M-H algorithm with custom distribution with scipy

I’m trying to launch a Metropolis-Hastings likelihood with a custom distribution function as :

        dist = getattr(scipy.stats, dist_func)
        y_obs = dist.rvs(loc=loc, scale=scale, *arg, size = 10)  

        def custom(sigma):
            y = dist.rvs(loc=loc, scale=scale, *arg, size = 10)  + (np.random.uniform(-1, 1, 10) * sigma)   
            return y

        with pm.Model() as model:
            sigma = pm.Uniform("sigma", 0, 90, testval=45)
            custom = pm.DensityDist('custom', sigma=sigma, observed=y_obs)  # likelihood

            trace = pm.sample(
                draws=2000,
                tune=5000,
                chains=2,
                cores=1,
                target_accept=0.9,
                return_inferencedata=True,
                init="adapt_full",
            )

However, it tells me that I do not have logp function. I’m very new and I guess that I’m missing something huge.
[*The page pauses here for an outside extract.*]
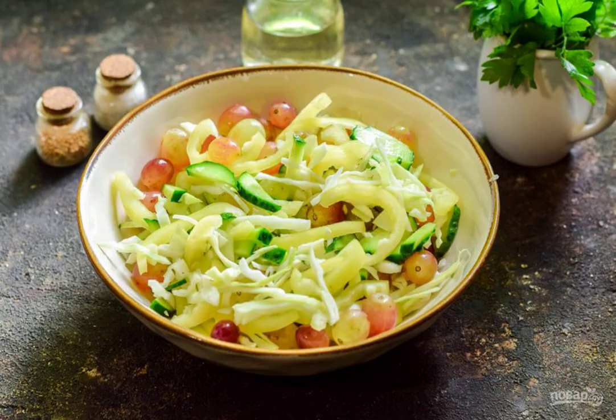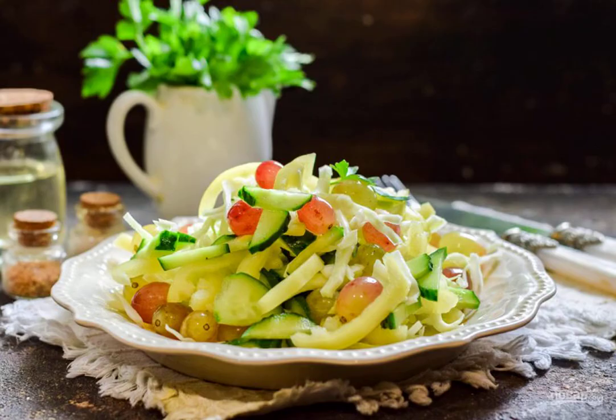Add salt and olive oil. Mix the salad and remove the sample. Serve to the table. Enjoy your meal.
May I have some help ?

Note that :

dist.rvs

is not defined, as the theorical law changes through each loop (not mentionned above)

Hello! The error means that you don’t have a function that returns the likelihood of the data for a given sigma value. Looking at custom, it seems like custom generates a bunch of samples from some probability distribution. But instead of samples, we need a density or likelihood. One analogy that might be helpful - if we are working with the scipy.stats module, it has a normal distribution with two methods: this one generates samples.

stats.norm.rvs()

This one returns probabilities.

stats.norm.pdf()

It’s only the latter type of function that would work here.

So my recommendation is to figure out what density formula or likelihood formula goes with the custom distribution you are trying to build. If that doesn’t exist or is unknown, you might look into using simulator distribution in pymc which measures the distance between your data and the rvs samples.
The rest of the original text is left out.